- Born: August 4, 1947 (age 78) Philadelphia, Pennsylvania
- Known for: Painter, sculptor, and printmaker, educator

= Martina Johnson-Allen =

American artist

Martina Johnson-Allen (born 1947) is an American artist and educator.

==Biography==
Johnson-Allen was born in Philadelphia on August 4, 1947. She attended Pennsylvania State University and the University of the Arts. She taught art in Philadelphia Public Schools and had retired from the public school system. In 2006 the Brandywine Workshop and Archives printed an edition of her lithograph Another Realm, a copy of which is in the collection of the Philadelphia Museum of Art. Her work is also in the Petrucci Family Foundation Collection of African-American Art.

Johnson-Allen's mixed media sculpture "The Seven Crones" was included in the African American Museum in Philadelphia's 2002 exhibit "4 Artists of Distinction" and is now in their permanent collection.

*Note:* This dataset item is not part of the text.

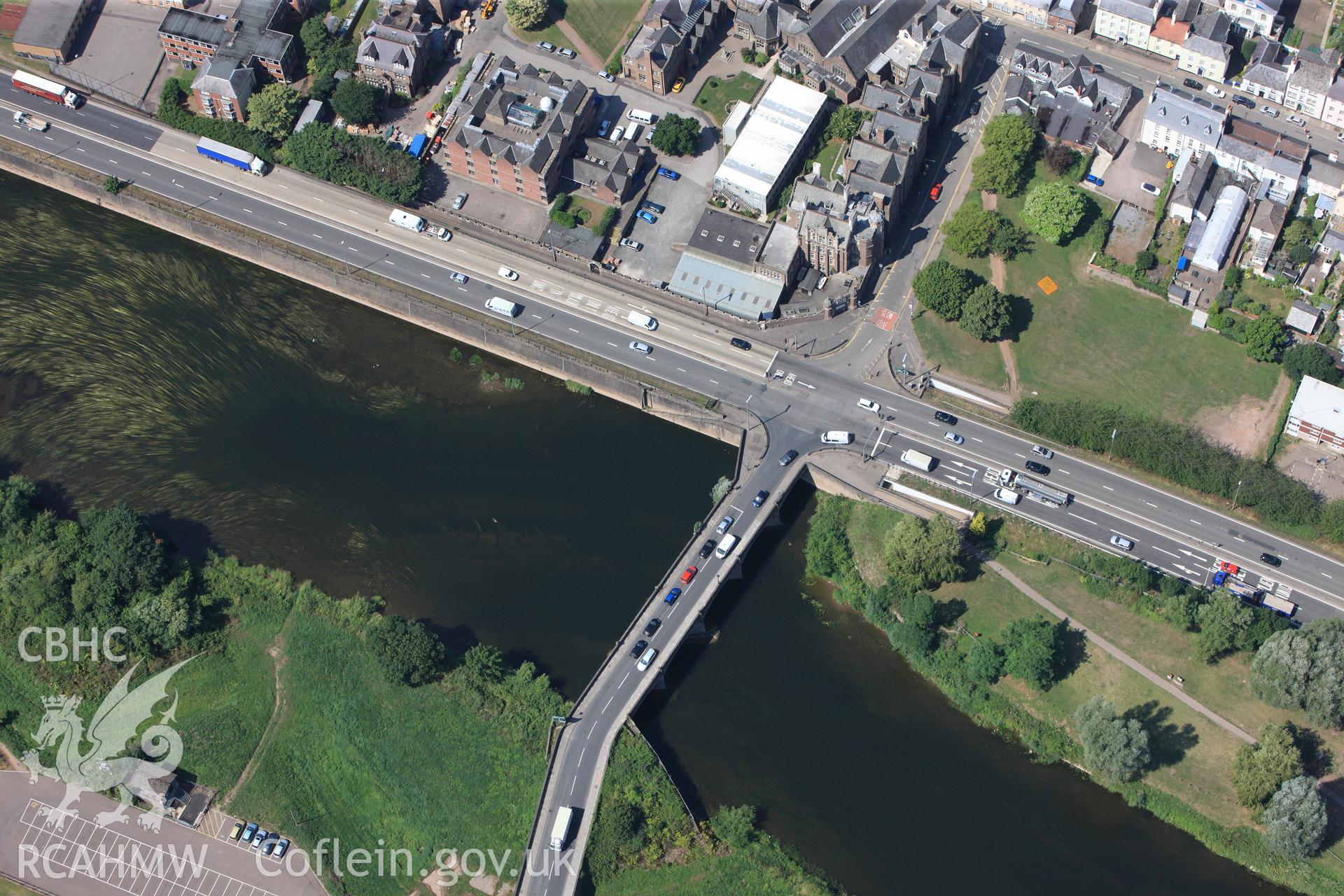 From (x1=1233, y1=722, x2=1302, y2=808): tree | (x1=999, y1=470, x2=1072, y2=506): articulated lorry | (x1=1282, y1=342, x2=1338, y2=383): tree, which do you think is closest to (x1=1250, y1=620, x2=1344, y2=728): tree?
(x1=1233, y1=722, x2=1302, y2=808): tree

Johnson-Allen's work was included in the 2015 exhibition We Speak: Black Artists in Philadelphia, 1920s-1970s at the Woodmere Art Museum. In 2010, Sande Webster Gallery featured her works in a group show of women artists titled "Women's Work: A Group Show" that included artists Martina Johnson-Allen, Maya Freelon, Betsy Casanas, Nannette Acker Clark, Alice Oh, Heather Pieters, Doris Nogueira-Rogers, Marta Sanchez and Kathleen Spicer.